Aus der FTD vom 6.11.2002
Mobilcom: Gründer Schmid gibt nach
Von René Gribnitz, Hamburg
Gerhard Schmid, Großaktionär und früherer Chef der Telefongesellschaft Mobilcom, hat im Streit um die von ihm gehaltenen Mobilcom-Anteile in letzter Minute eingelenkt und damit eine Rettung des Not leidenden Unternehmens wieder möglich gemacht.
Nachdem Schmid am Dienstagnachmittag eine von der Bundesregierung gesetzte Frist verstreichen ließ, bis zu der er die von ihm kontrollierten fast 50 Prozent der Mobilcom-Aktien bedingungslos an einen unabhängigen Treuhänder übertragen sollte, nahm er am späten Abend überraschend wieder Verhandlungen mit dem Wirtschaftsministerium auf. "Die Herren reden wieder miteinander", hieß es in Verhandlungskreisen. Der Spielraum sei klein, beide Seiten hätten allerdings Kompromissbereitschaft signalisiert.
Zuvor hatte sich ein bizarrer Streit zwischen Schmid und der Bundesregierung um die Anzahl von Entwürfen und unabgesprochene Änderungen des Treuhändervertrages entwickelt, der beinahe zum Ende der Rettungsbemühungen und damit zur Insolvenz des Unternehmens geführt hätte. Die Mobilcom-Aktie brach zeitweise um mehr als 35 Prozent ein, erholte sich am Abend aber wieder etwas.
Schmids Weigerung, seine Aktien und Stimmrechte dem Düsseldorfer Anwalt Reinhard von Dalwigk zu übertragen, blockierte einen Überbrückungskredit von rund 100 Mio. Euro. Den Kredit will ein Bankenkonsortium unter Führung der staatlichen Kreditanstalt für Wiederaufbau gewähren. Mobilcom braucht das Geld, um das verlustreiche Tagesgeschäft und die geplante Sanierung samt Stellenabbau zu finanzieren.

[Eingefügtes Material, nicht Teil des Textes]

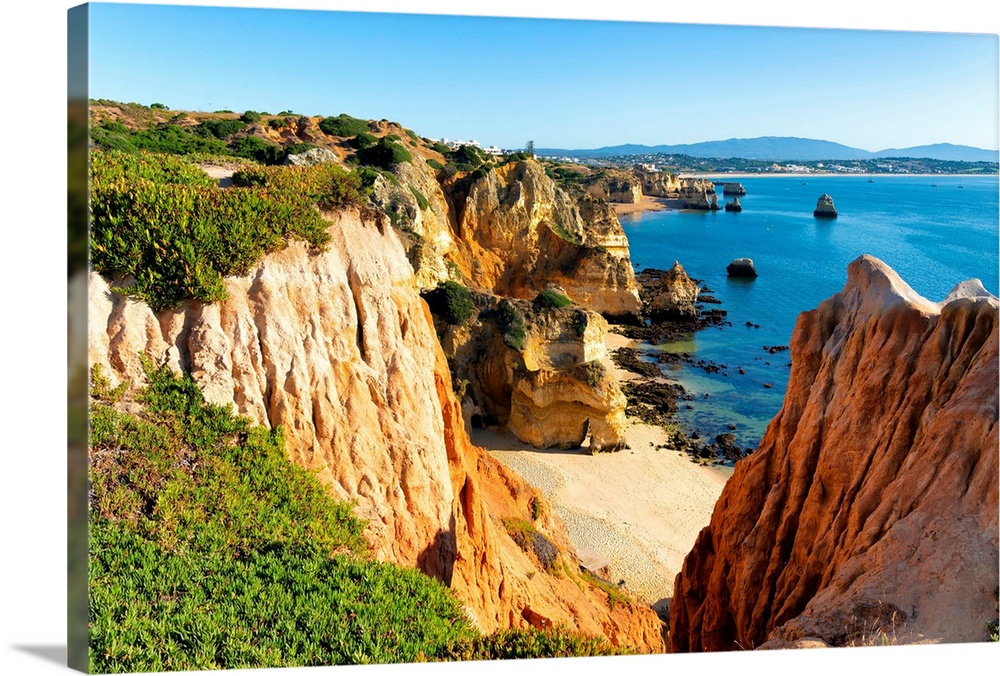 It's a view of Lagos beach (Praia do Camillo) and orange cliffs in Portugal.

Finanzhilfe reicht noch bis Ende der Woche
Seit France Telecom nach monatelangen Streit mit Schmid im September endgültig alle Zahlungen eingestellt hat, zehrt Mobilcom von einer Rettungsbeihilfe der Bundesregierung von 50 Mio. Euro. Wie viel davon noch übrig ist, ist unklar. In Unternehmenskreisen hieß es, das Geld werde spätestens Ende der laufenden Woche ausgehen.
Zugleich drohte die mühselig vereinbarte Übernahme von Milliardenschulden durch den abtrünnigen Großaktionär France Telecom zu platzen. Nach viermaliger Stundung sind am 15. November 4,7 Mrd. Euro Bankschulden fällig, die Mobilcom beim Aufbau der neuen UMTS-Mobilfunktechnik angehäuft hat. Das Unternehmen kann diese Schulden und weitere 1,1 Mrd. Euro Kredite von Nokia und Ericsson nicht bedienen. Die Franzosen machen die komplette Schuldenübernahme davon abhängig, dass Schmid auf Dauer nichts mehr zu sagen hat.
Zugleich beharren die Franzosen ebenso wie die Kreditgeber, die Bundesregierung und Mobilcom selbst darauf, dass Schmid während der Zeit der Treuhänderschaft keine Anteile verkaufen darf. Schmid hatte die Forderung als Enteignung bezeichnet und grundweg abgelehnt. "Das können wir nicht zulassen", hieß es in Mobilcom-Kreisen unter Hinweis auf die unberechenbaren Entscheidungen des Firmengründers. Zugleich benannte Schmid mit dem früheren Debitel-Chef Joachim Dreyer einen eigenen Treuhänder, der nach Schmids Auskunft "unternehmerisch tätig" werden solle.
Umstrittene Geschäfte
Weiterer Knackpunkt ist ein umstrittenes Geschäft, das der frühere Vorstandschef mit seiner Ehefrau getätigt hatte. Dabei hatte Schmid an Vorstandskollegen und Aufsichtsrat vorbei seiner Frau 70 Mio. Euro gezahlt. Schmid verlangt nun, dass Mobilcom im Gegenzug für seine Unterschrift unter dem Treuhändervertrag auf eine Klage verzichten soll.
Das Geschäft war einer der Gründe für den späteren Rückzug der France Telecom. Im Mai hatte Schmid vor der Hauptversammlung erklärt, das Geschäft rückgängig zu machen und das Geld an Mobilcom zurückzuüberweisen. Bislang ist das nicht geschehen. Eine von Mobilcom angestrengte Klage ruht.